The program loops 1500 times. That totals at least 3000 calls to the delay() routine, 2 times per loop (I didn't remove the recursion from my pause() routine, so if delay() exited prematurely it got called again).

I conducted designed my experiment to have 8 steps, one of them was conditioned on another step and it turned out I didn't have to do it. So I ended up doing 7.

1.

  • Arduino connected to optocoupler
  • No power on relay side of optocoupler
  • No power on the pump
  • No Faraday shield between the pump and the rest of the circuitry
  • No ferrite bead on any conductor (the one I used is quite big and when used, the conductor looped once, i.e. it went 2x through the bead)

Error rate: 0 / 3000

2.

  • Like no. 1 + power to relay side of optocoupler

Error rate: 0 / 3000

3.

  • Like no. 1 + no. 2 + power to the pump

Error rate: 28 / 3028 (28 / 3000 if I had removed the recursion)

4.

  • Like no. 1 + no. 2 + no. 3 + Faraday shield (grounded) between the pump and the rest of cir circuitry.

Error rate: 9 / 3009 (9 / 3000 if I had removed the recursion)

5.

  • Like no. 1 + no. 2 + no. 3 + no. 4 + ferrite bead on conductor from optocoupler to relay (number 1 in picture above).

Error rate: 2 / 3002 (2 / 3000 if I had removed the recursion)

6.

  • Like no. 1 + no. 2 + no. 3 + no. 5. I.e. no Faraday shield, only ferrite bead on conductor 1.

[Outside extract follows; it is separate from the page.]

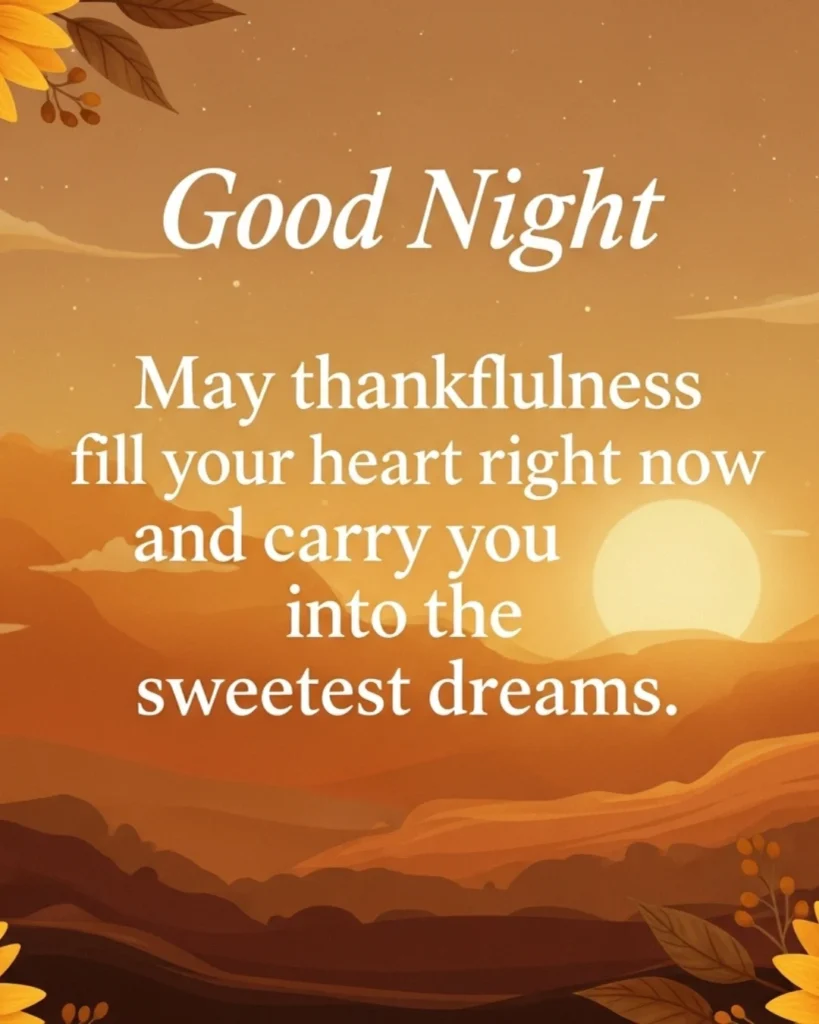 Thankful good night blessings card with golden twilight sky and autumn leaf accents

Error rate: 2 / 3002 (2 / 3000 if I had removed the recursion)

7.
If no. 2 (having the relay turned on but no the pump) turned out be any different from only having the optocoupler connected:

  • Like no. 1 + no. 2 + ferrite bead on relay conductor (1).

This one I did not do because step no. 2 did not show any difference.

8.

  • Like no. 6, no Faraday shield and ferrite bead now on conductor no. 2 (between Arduino and optocoupler).

Error rate: 0 / 3000

Result:
The best result was to simply put a ferrite bead on conductor no. 2 (experiment no. 8). The delay() routine now behaves well. Other parts of the code were of course subject to failure the whole time, but their execution didn't take as long as the delay and thus were statistically insignificant.

Note: I had already tried putting a capacitor on the conductor between the optocoupler and the relay.

I did not check if my version of the Arduino software does the cli() call or if the macros are any different from those in version 0017.

Thank you for your (wasted) time, hope someone new to this platform finds this post useful. :slight_smile:

I have solved my problem.

I must say it was unexpected to see the issue caused by EMF. Typically this would make systems even more erratic (e.g. restart, issues with upload etc.).

Nothing is better though than finding and fixing an issue.